• _About this task_:
What is needed is the full listing written out exactly, minus the pictures.

• _Supplied information_:
+-------+
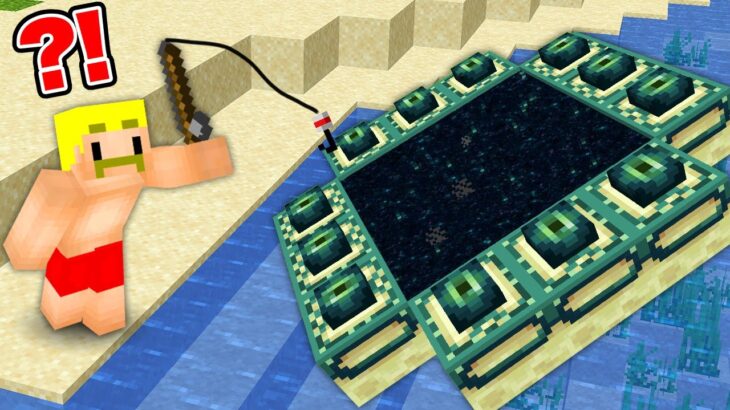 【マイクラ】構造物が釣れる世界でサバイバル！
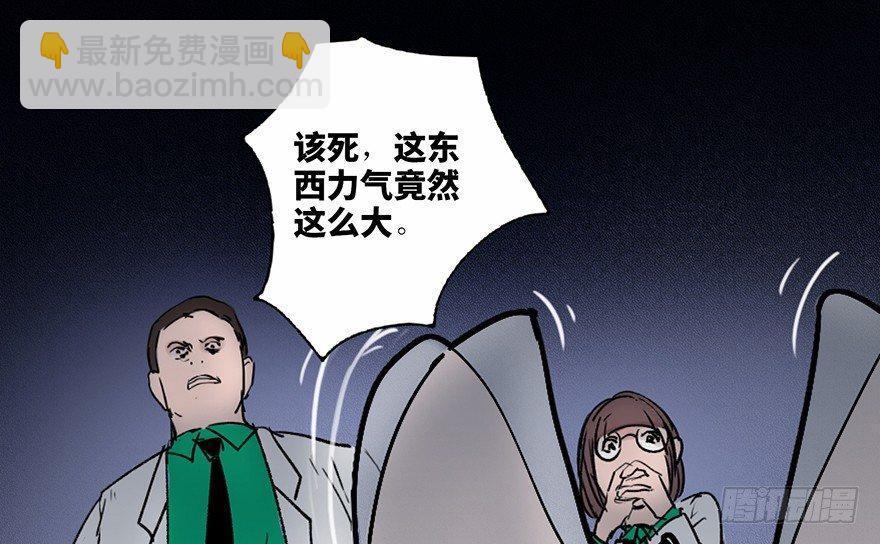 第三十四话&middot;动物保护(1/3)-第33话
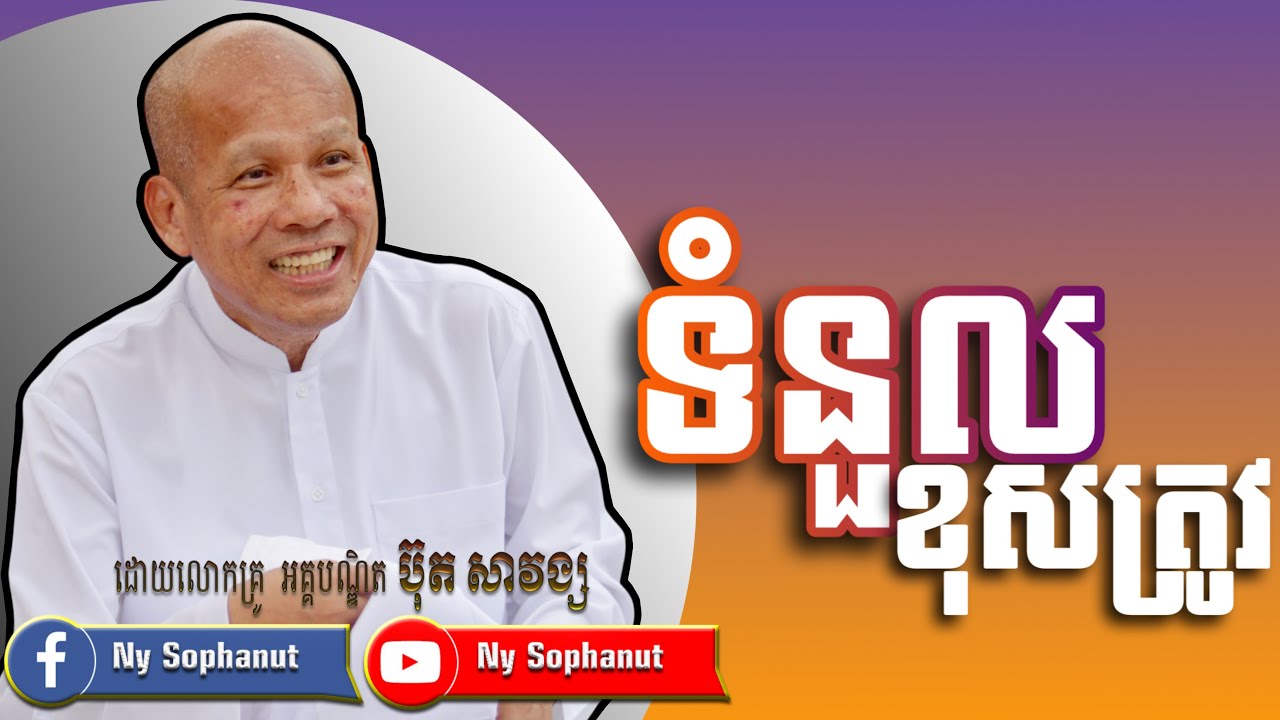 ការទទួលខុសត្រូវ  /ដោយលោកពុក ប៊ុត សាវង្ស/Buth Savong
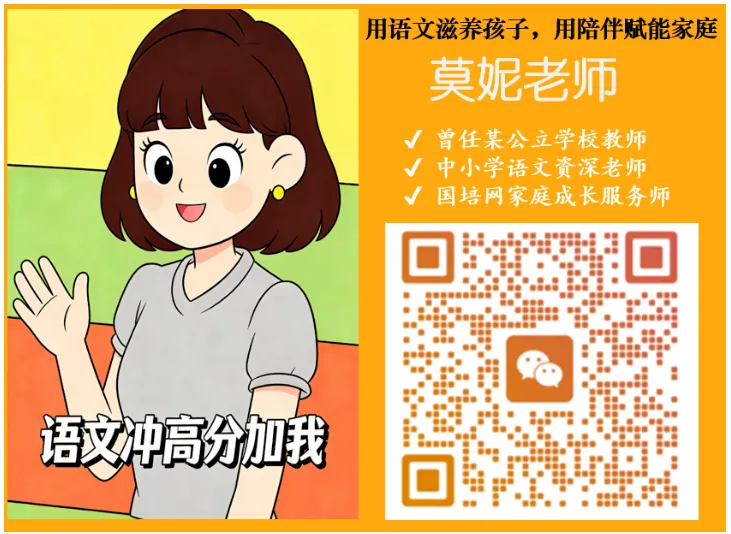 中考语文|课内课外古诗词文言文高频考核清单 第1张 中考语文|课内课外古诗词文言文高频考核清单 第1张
+-------+
• _Problem solution_:
 【マイクラ】構造物が釣れる世界でサバイバル！
 第三十四话&middot;动物保护(1/3)-第33话
 ការទទួលខុសត្រូវ  /ដោយលោកពុក ប៊ុត សាវង្ស/Buth Savong
 中考语文|课内课外古诗词文言文高频考核清单 第1张 中考语文|课内课外古诗词文言文高频考核清单 第1张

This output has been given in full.